The World Bank just delivered news that surprised absolutely no one paying attention: global growth is officially terrible. They slashed 2025 forecasts to 2.3%, down from 2.7% in January. To put this in perspective, we're looking at the slowest growth since 2008, excluding actual recessions¹. For Southeast Asia, this isn't just bad news—it's a masterclass in how trade wars turn economic textbooks into expensive paperweights.

Mexico got particularly hammered with growth expectations cut to 0.2%. Thailand faces a more modest cut to 2.9%, though natural disasters and global headwinds threaten worse outcomes. Vietnam maintains relatively strong growth projections of 6-6.8% for 2025, benefiting from supply chain diversification, but even opportunity comes with complications when your biggest customers are broke.

How We Got Here

Remember when "trade wars are easy to win" was more than just a meme? The World Bank remembers. U.S. tariffs jumped from under 3% to mid-teens, triggering the predictable response of retaliatory measures. What started as economic posturing became a full-contact sport with real casualties.

The numbers tell the story better than any political speech. Global trade growth fell to 1.8% in 2025 from 3.4% in 2024. That's not a correction—that's economic gravity working exactly as physics textbooks promised. When the world's two largest economies decide to play chicken with supply chains, everyone else becomes roadkill.
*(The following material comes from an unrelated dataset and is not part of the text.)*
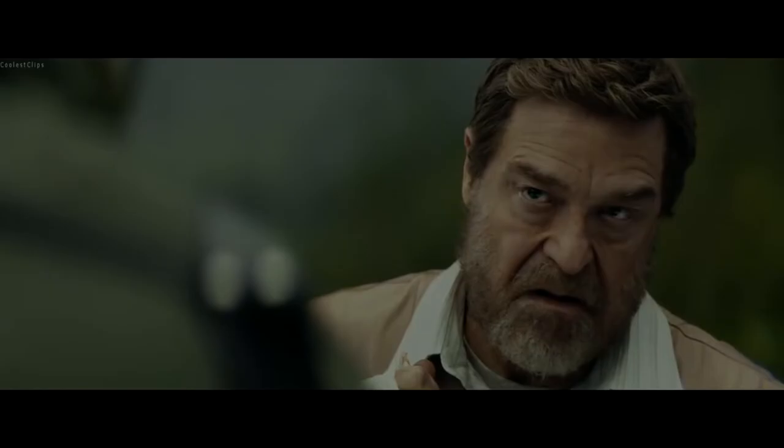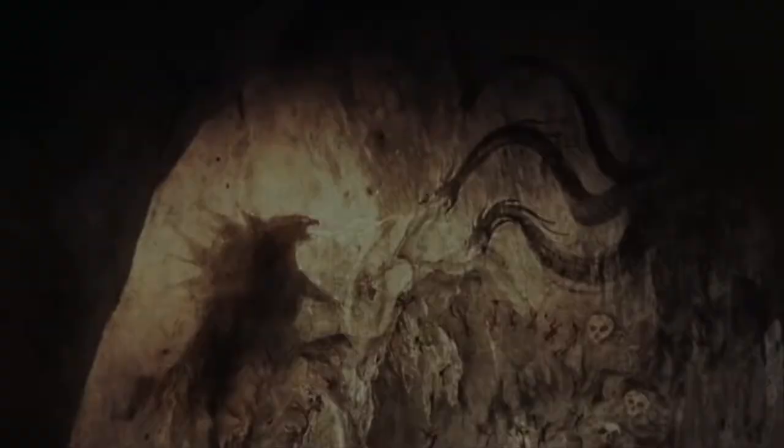Monsters exist. This planet doesn't belong to us. It belongs to them. The question is how long before they take it back.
Southeast Asian nations found themselves caught in the crossfire of something they didn't start and couldn't control. Export-dependent economies discovered what happens when your customers suddenly can't afford your products because they're too busy fighting over who pays more taxes on aluminum.

The Technical Reality

Here's where the economics gets uncomfortable. The World Bank warns that a further 10% U.S. tariff hike could slice another 0.5 percentage points off global growth. For context, that's like removing the entire economic output of a medium-sized country just to prove a point about trade balances.